Skip to content
On this page

An open-source, all-in-one vector database for building flexible, scalable, and future-proof AI applications

Traditional term-based search, based on term frequency models like BM25, is widely used and effective for many search applications. However, these term-based search techniques require significant investment in time and expertise to tune them to account for the meaning or relevance of the terms searched.  Today, more and more developers want to embed semantic understanding into their search applications. Enter machine learning embedding models that can encode the meaning and context of documents, images, and audio into vectors for similarity search. These embedded meanings can, in turn, be searched using the k-nearest neighbors (k-NN) functionality provided by OpenSearch.

Using OpenSearch as a vector database brings together the power of traditional search, analytics, and vector search in one complete package. OpenSearch’s vector database capabilities can accelerate artificial intelligence (AI) application development by reducing the effort for builders to operationalize, manage, and integrate AI-generated assets. Bring your models, vectors, and metadata into OpenSearch to power vector, term-based, and hybrid search and analytics, with performance and scalability built in.

Use the vector database functionality built into OpenSearch to:

  • Power AI applications on a mature search and analytics engine trusted in production by tens of thousands of users.
  • Build stable, scalable applications with a data platform proven by users to scale to up to tens of billions of vectors in production, with the low latency and high availability required by mission-critical systems.
  • Choose open-source tools and avoid lock-in with Apache 2.0-licensed software and integrations with popular open frameworks like LangChain and LlamaIndex, with the option to use managed services from major cloud providers.
  • Future-proof your next-generation AI applications with vector, term-based, and hybrid search, analytics, and observability capabilities, all in one software suite.

What is a vector database?

Information comes in many forms: unstructured data, like text documents, rich media, and audio, and structured data, like geospatial coordinates, tables, and graphs. Innovations in AI have enabled the use of models, or embeddings, to encode all types of data into vectors. These vectors are data points in a high-dimensional space that capture the meaning and context of an asset, allowing search tools to find similar assets by searching for neighboring data points.

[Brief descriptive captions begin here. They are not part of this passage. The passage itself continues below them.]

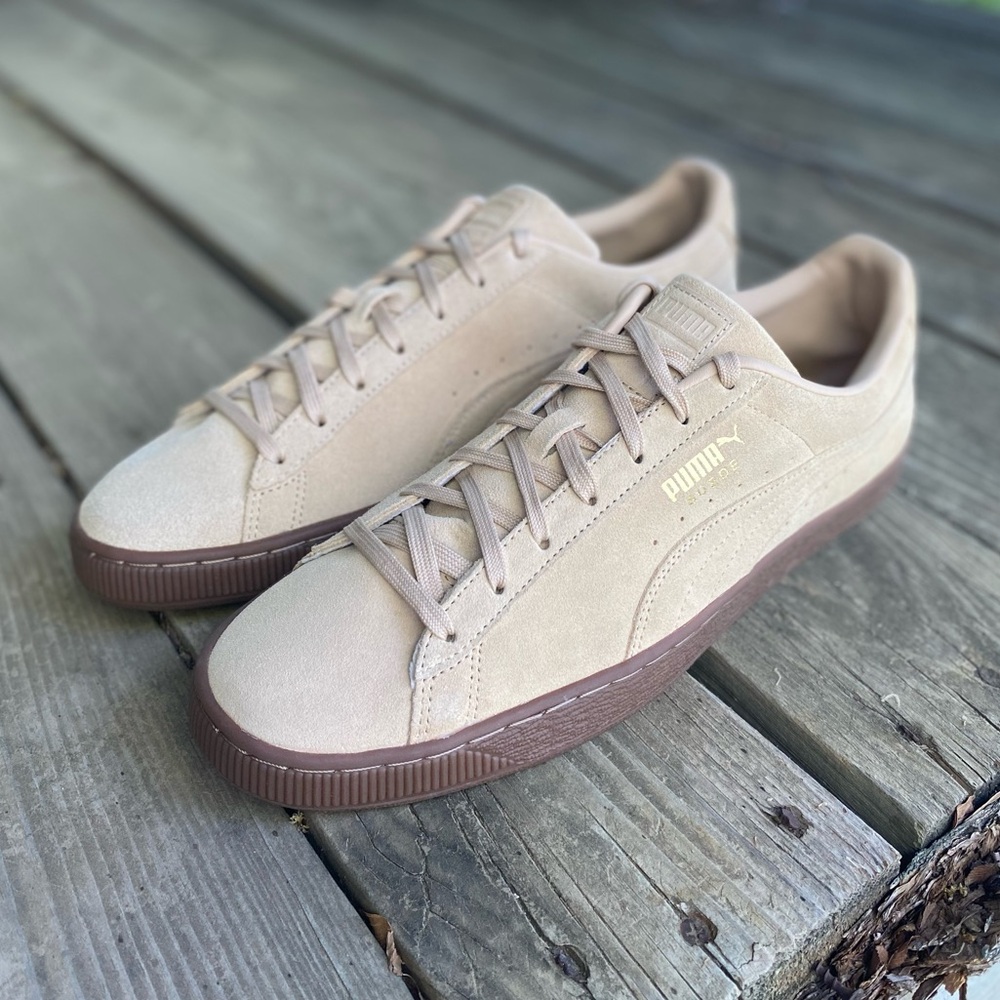 Puma Suede Low-Top Sneakers in Beige and Brown - Picture 3 of 9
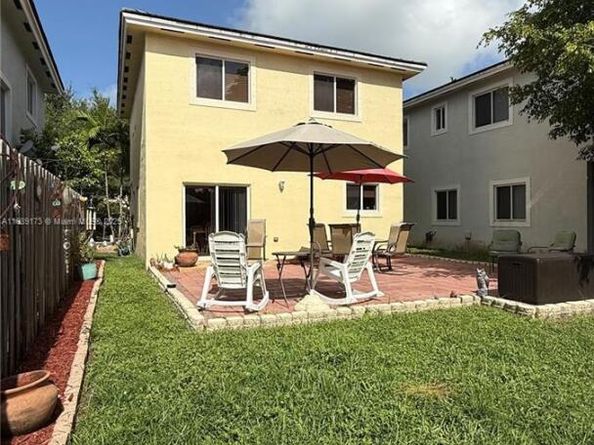 232 SE 32nd Ter, Homestead FL 33033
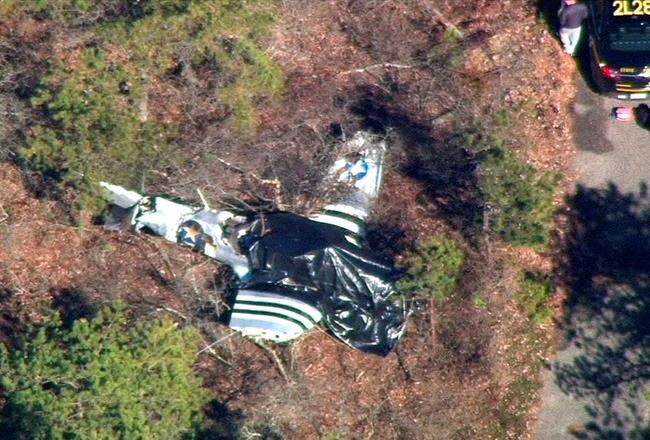 NTSB investigates NY vintage plane crash that killed 2 | iNFOnews.ca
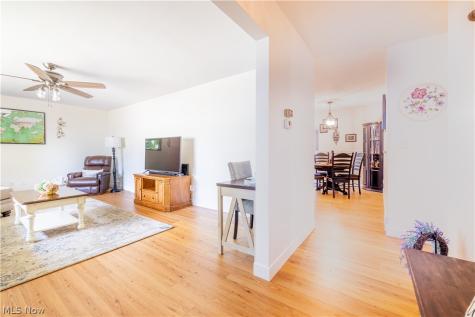 3130 Charles Street Cuyahoga Falls OH 44221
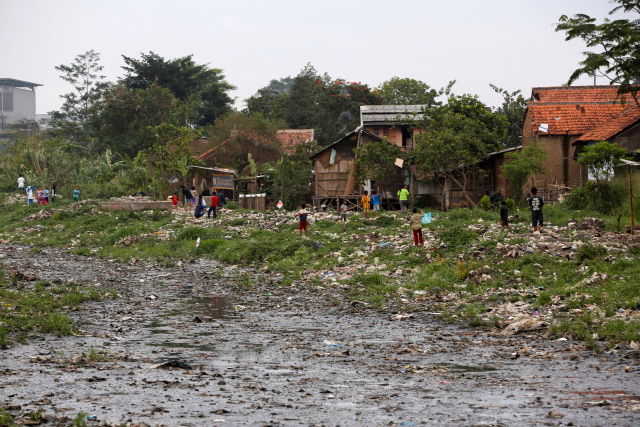 Sungai Citarum Hilir (Foto: Reuters/Darren Whiteside)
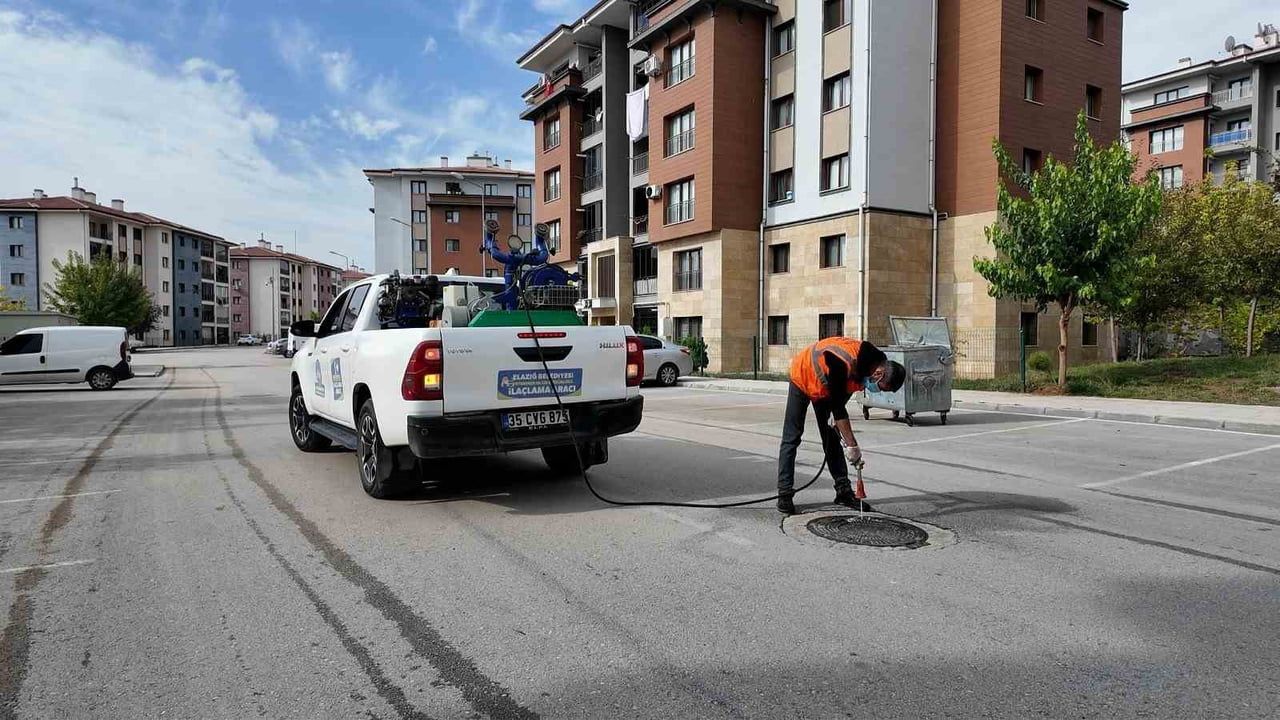 Elazığ’da yıl boyu süren larva mücadelesi hayatı koruyor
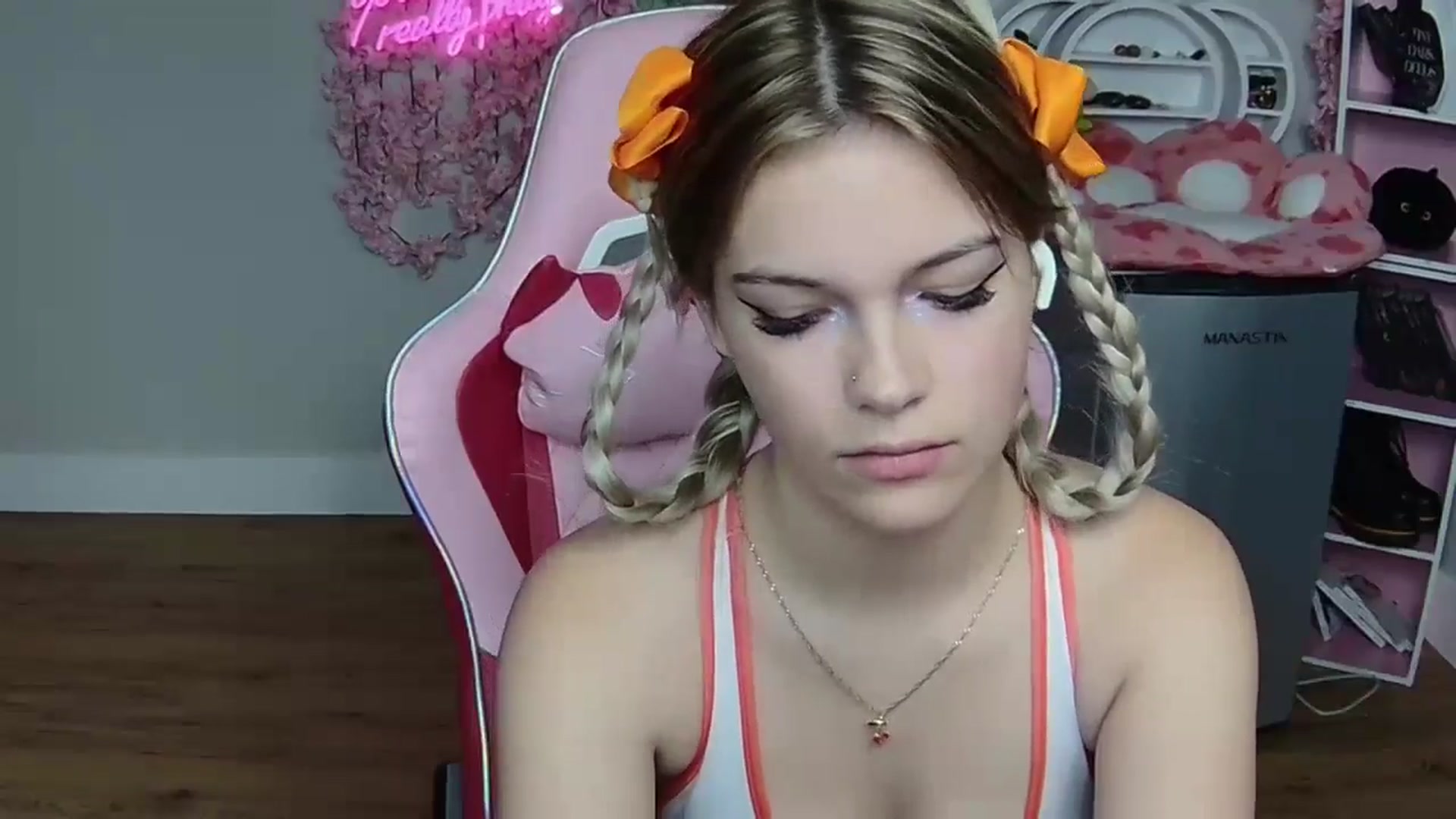 Gallery image thumbnail from Sarahsweets18's myfreecams stream on, 05/30/2024, 19:07 image 19 of 20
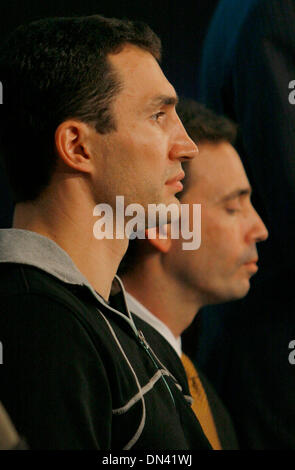 Nov 08, 2006 ; New York, NY, USA ; (au premier plan) de l'IBO/IBF Champion du monde des poids lourds Wladimir Klitschko et K-2 Promotions TOM LOEFFLER lors d'une conférence de presse pour la lutte contre Klitschko Calvin Brock à Madison Square Garden Samedi 11 Novembre, 2006. Crédit obligatoire : Photo de J. P. Yim/ZUMA Press. (©) Copyright 2006 par J. P. Yim Banque D'Images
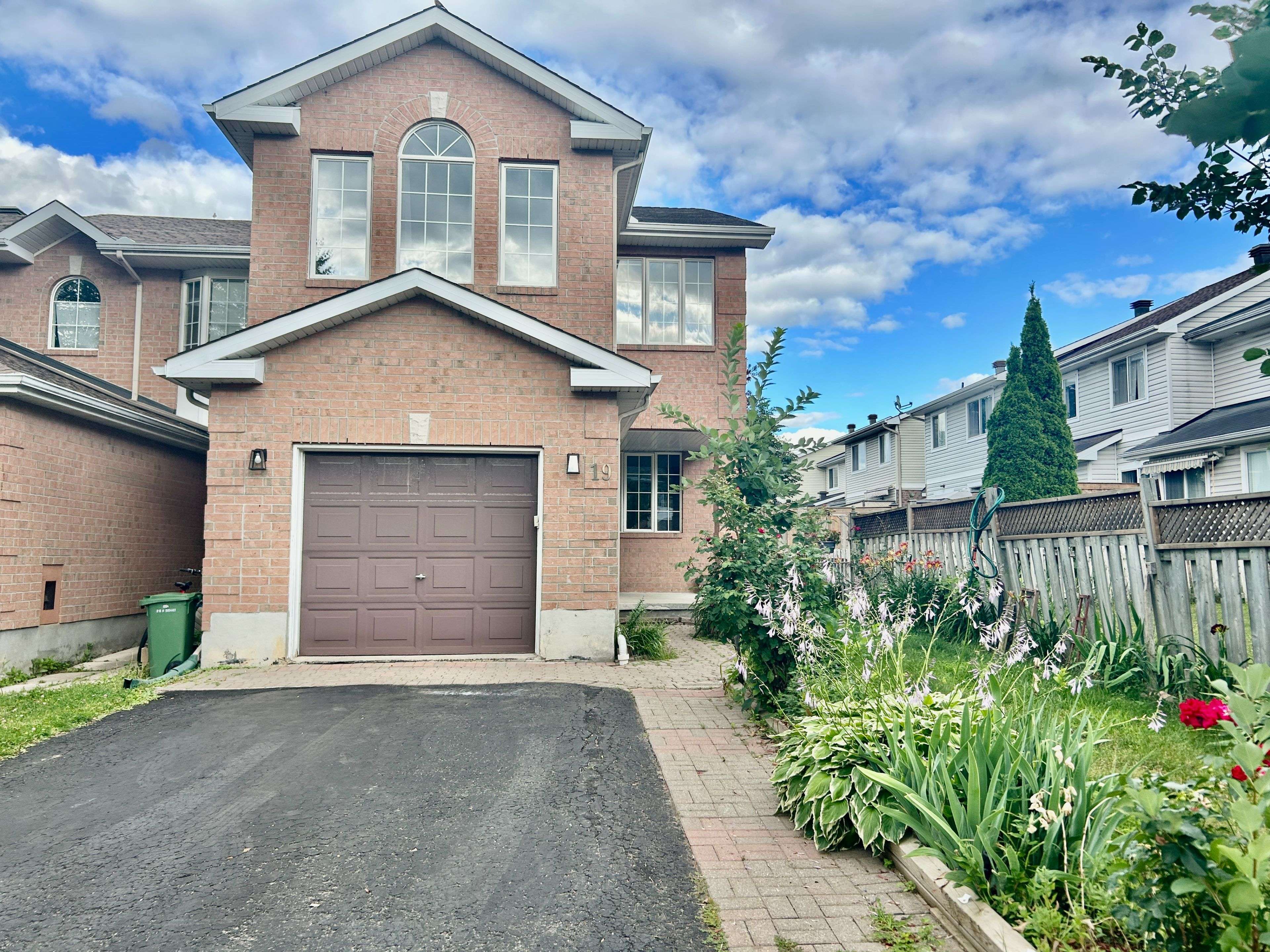 Kanata, ON K2L 4E9,19 Cohen AVE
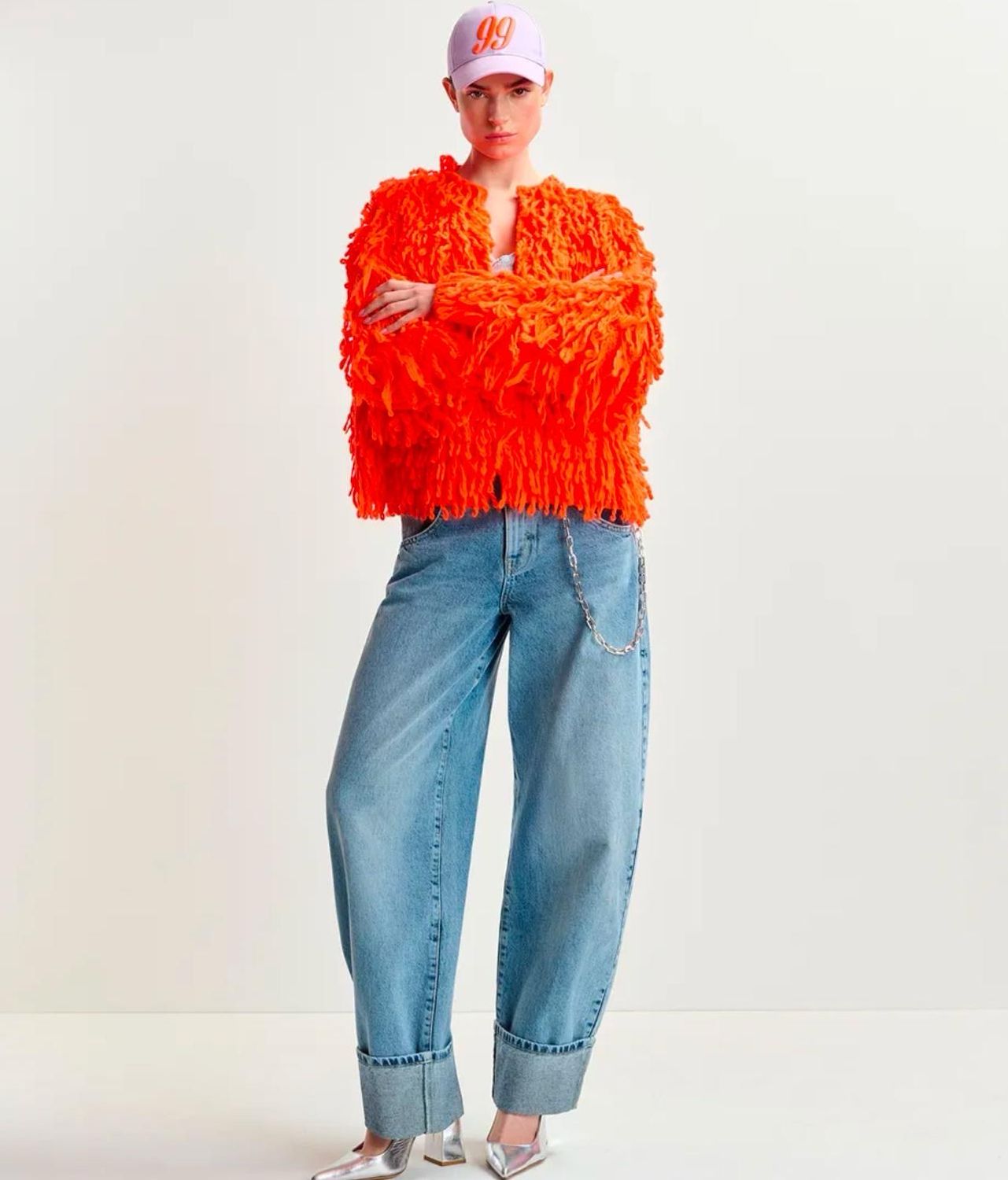 Tricot Essentiel oversize orange vif en maille bouclée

Vector databases allow you to store and index vectors and metadata, unlocking the ability to use low-latency queries to discover assets by degree of similarity. Typically powered by k-NN indexes built using algorithms like Hierarchical Navigable Small Worlds (HNSW) and Inverted File (IVF) System, vector databases augment k-NN functionality by providing a foundation for applications like data management, fault tolerance, resource access controls, and a query engine.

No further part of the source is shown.